However, you did say that no AAA games would be native 4K. When TLOU Remastered was suggested, you disqualified it because it's from last gen. Now someone has brought up ESO, which is from this gen and native 4K. So it doesn't seem you're correct. Unless you're going to keep adding more requirements to your list, which is kind of his point.
 

pottuvoi

Banned
Can someone explain the pipeline? Does it work like this:

1. Native 1800p image
2. Checker board prediction
3. Hardware based filter for artifact control
4. Final image displayed


I really wish we could see a video explaining how the dedicated hardware helps eliminates the artifacts created by the checkerboard rendering.

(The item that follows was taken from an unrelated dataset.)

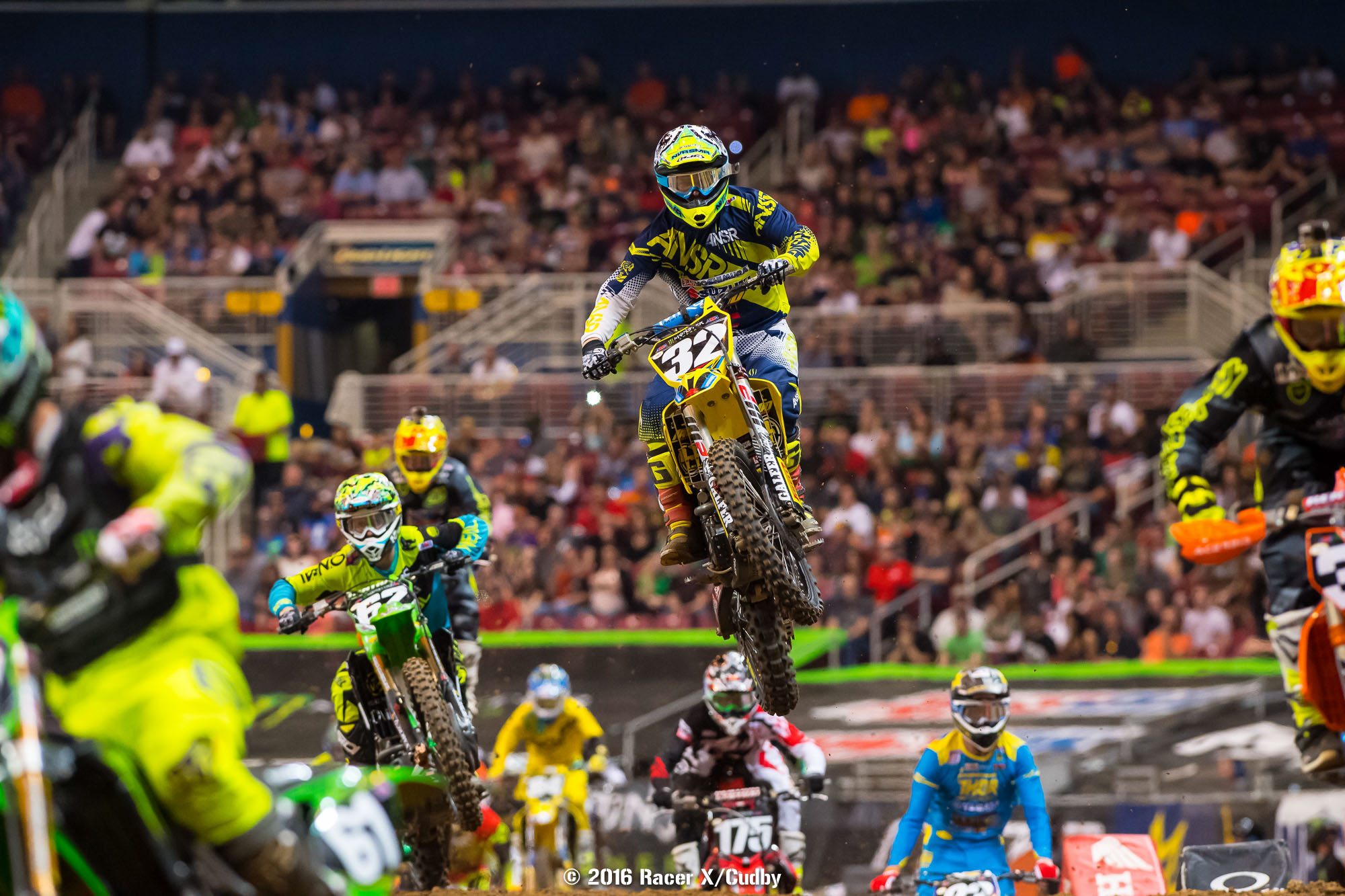 Bisceglia-StLouisSX2016-Cudby-007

Also how similar is this technique to the reporjection used in titles like Killzone, Quantum Break, and Rainbow Six.
The one used in rainbow six. (Adjusted for 4k.)

1. Render native 1080 2xMSAA image. (Force shading of all samples, next frame mirror sample locations.)

2. Gather samples from 2 frames to create complete frame. (Use velocity information to get right samples)
3. Sawtooth removal etc.


https://www.google.fi/url?sa=t&sour...z1-u6O_Nl_GAwW0yg&sig2=PU0cpItJX8jru40lEZPxCg
 
I like "the feel of 4k".

"We're really trying to focus on making gamers feel like there's an authenticity to the 4k in the PS4 Pro, instead of just focusing on realism. What does real even mean? It's so subjective. But feeling authentic, that's something that hits you in your gut. That's where the emotions lie, down there in the dirt with the authenticity of 4k."